Martín Lutero tradujo la Biblia al idioma alemán cuando la mayoría de la población era analfabeta. La intención de Lutero era que la gente común y corriente tuviera acceso directo al libro sagrado haciendo posible la interpretación libre del texto y la erradicación del analfabetismo, con la consecuencia que, al superar el analfabetismo, a partir de la difusión de la Biblia y la imprenta, el creyente tuvo la oportunidad de leer otros libros y, de esta manera se hizo posible la formación del público lector.
La Iglesia católica, en el Concilio de Trento, prohibió la lectura de la Biblia en lenguaje vulgar a los fieles. Los padres Gaspar Astete y Jerónimo Ripalda hicieron los catecismos, en 1599 y 1605, textos que contienen la doctrina de acuerdo con la Iglesia católica y, con ellos se catequizó la América española.
Durante siglos la enseñanza del catecismo fue el vehículo de socialización de los niños. Cuenta José Eusebio Caro que aprendió el catecismo de “memoria y no de entendimiento”. En 1841, el ilustrísimo arzobispo de Bogotá, Manuel José Mosquera revisó y corrigió el texto del catecismo para uso de las parroquias. La prohibición de la lectura bíblica es que no se superó el analfabetismo, dado que para aprender el catecismo no se necesitó de otra cosa que del oído y la memoria.
El sentido del oído era importante, pues se enseñaba el catecismo –en sus preguntas y respuestas– de manera oral. Continuó el analfabetismo del pueblo. Hacia 1870, al implementarse la educación secular, los pobres se opusieron a la educación formal porque les exigía sacrificios económicos. El niño campesino era un sirviente no remunerado que debía ayudar a los oficios caseros tales como llevar el agua, buscar leña, cuidar los cerdos y “pajarero”, espantando las aves que llegaban a devorar los cultivos. Las niñas no fueron a la escuela. Los padres de familia sabían que si el chico asistía a la escuela no había quien hiciera las tareas caseras.
Además, mucha gente pensaba que eso de aprender a leer y a escribir no traía mayores beneficios. La apatía popular era la conciencia de que la educación traía pocas ventajas al niño campesino. Los padres de los niños decían que ellos no habían ido a la escuela y que les iba bien, por lo tanto, sus hijos vivirían igual sin la ayuda de la escuela. La importancia del oído continuó con la llegada de la radio en 1923.
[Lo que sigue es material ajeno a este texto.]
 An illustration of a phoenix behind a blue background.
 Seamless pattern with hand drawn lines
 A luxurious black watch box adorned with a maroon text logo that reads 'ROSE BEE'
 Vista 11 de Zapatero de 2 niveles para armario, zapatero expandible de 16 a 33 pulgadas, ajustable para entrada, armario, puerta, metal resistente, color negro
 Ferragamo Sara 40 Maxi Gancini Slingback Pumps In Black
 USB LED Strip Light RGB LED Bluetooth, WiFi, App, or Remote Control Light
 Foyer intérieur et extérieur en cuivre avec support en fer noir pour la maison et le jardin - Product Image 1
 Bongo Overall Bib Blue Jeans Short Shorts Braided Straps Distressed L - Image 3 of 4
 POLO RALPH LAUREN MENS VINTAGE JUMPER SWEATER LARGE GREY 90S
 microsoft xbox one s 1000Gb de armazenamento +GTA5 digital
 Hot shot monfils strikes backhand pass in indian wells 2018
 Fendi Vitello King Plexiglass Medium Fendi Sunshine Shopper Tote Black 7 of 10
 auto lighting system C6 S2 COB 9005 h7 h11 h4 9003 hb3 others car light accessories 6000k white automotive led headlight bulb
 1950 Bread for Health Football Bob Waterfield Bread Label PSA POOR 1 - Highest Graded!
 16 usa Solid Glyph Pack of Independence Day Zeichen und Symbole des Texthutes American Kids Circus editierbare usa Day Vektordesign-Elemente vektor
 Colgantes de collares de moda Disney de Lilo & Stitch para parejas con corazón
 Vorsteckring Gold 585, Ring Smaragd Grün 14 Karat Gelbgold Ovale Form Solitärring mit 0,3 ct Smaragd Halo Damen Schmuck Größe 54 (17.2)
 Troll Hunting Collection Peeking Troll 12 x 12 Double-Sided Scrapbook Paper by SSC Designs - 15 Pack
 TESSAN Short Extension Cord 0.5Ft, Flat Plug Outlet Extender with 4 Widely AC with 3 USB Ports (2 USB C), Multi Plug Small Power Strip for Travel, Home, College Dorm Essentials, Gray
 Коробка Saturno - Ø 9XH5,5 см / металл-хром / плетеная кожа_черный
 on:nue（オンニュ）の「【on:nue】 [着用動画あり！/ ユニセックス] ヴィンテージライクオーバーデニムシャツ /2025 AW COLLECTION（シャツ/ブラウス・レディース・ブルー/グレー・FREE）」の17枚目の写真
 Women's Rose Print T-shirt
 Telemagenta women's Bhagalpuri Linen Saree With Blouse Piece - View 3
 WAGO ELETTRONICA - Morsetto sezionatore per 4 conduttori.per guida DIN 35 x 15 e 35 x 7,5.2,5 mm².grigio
La radio se extendió en emisoras que ampliaron la comunidad de oyentes, pues para escuchar radio no se necesita leer. En 1954, la televisión, con el mundo de sonidos y de imágenes, invadió los hogares. Y, en cuanto a la formación del público lector y la difusión de libro se puede decir que a la mayoría no le gusta leer. Muchos dicen que no les queda tiempo. Hay quienes aducen que no tienen dinero para comprar un libro. Todo ello hace pensar en la dificultad para hacer posible el público lector, cuestión elemental en una democracia. En tiempos recientes el smartphone. ¿Qué tanto forma el público lector?